* [WHAT YOU WILL DO] Reproduce the whole listing exactly and let no picture into the copy.

* [DATASET SECTION]

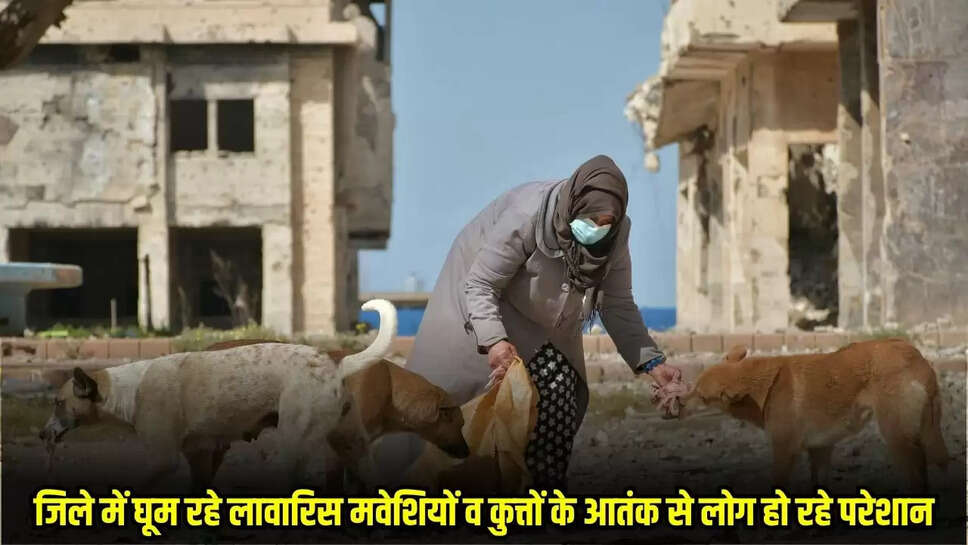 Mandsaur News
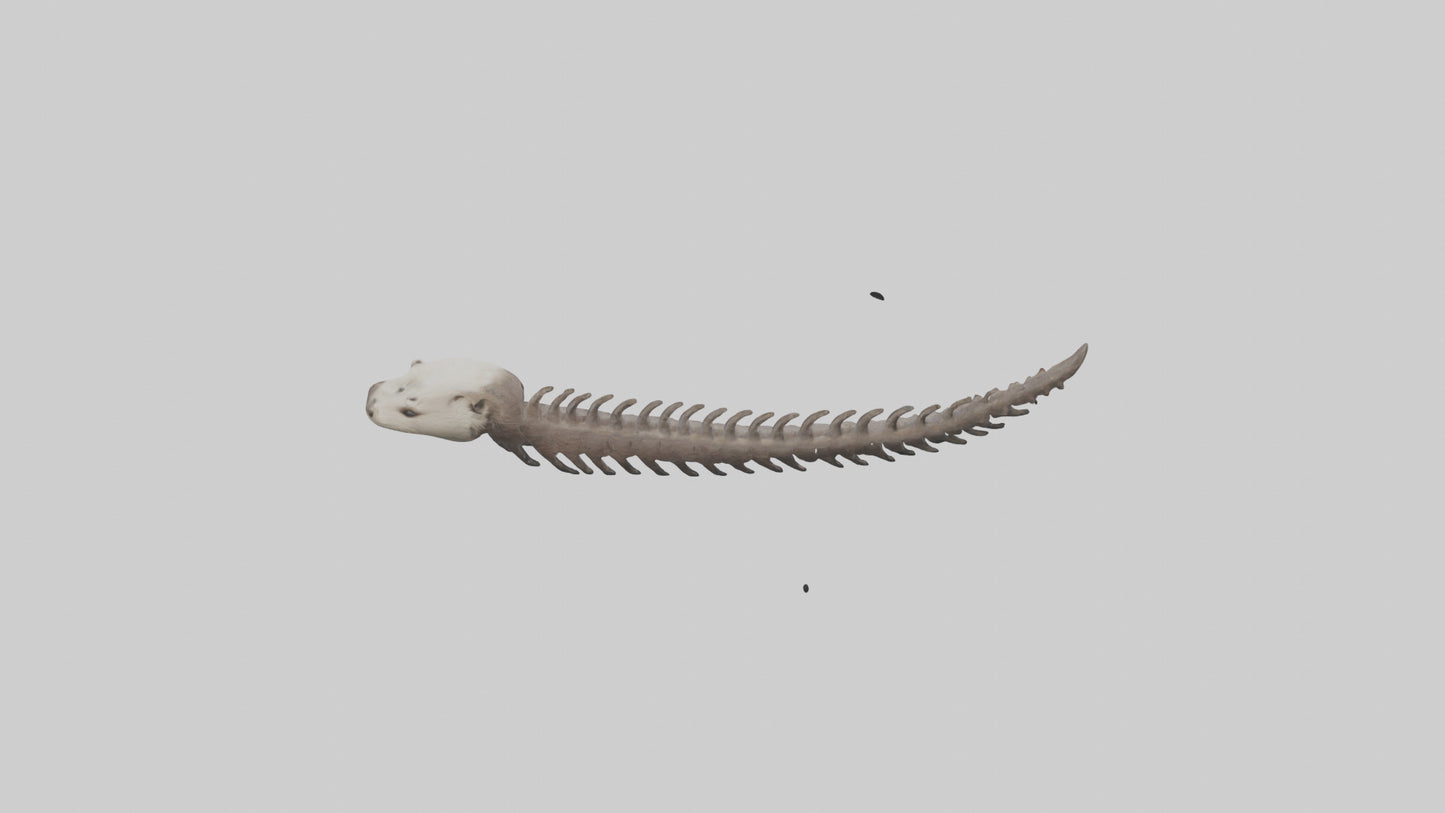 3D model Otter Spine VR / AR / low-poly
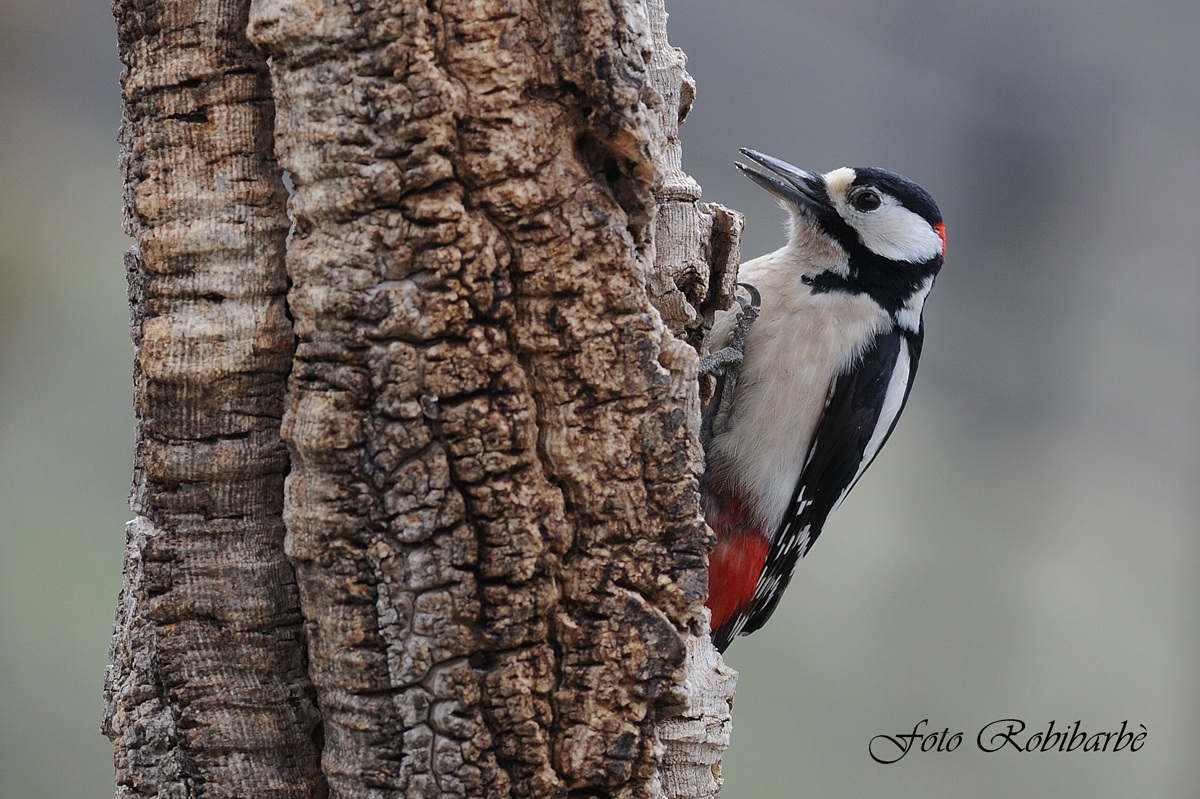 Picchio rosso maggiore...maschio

* [RESULT FOR THIS TASK]
 Mandsaur News
 3D model Otter Spine VR / AR / low-poly
 Picchio rosso maggiore...maschio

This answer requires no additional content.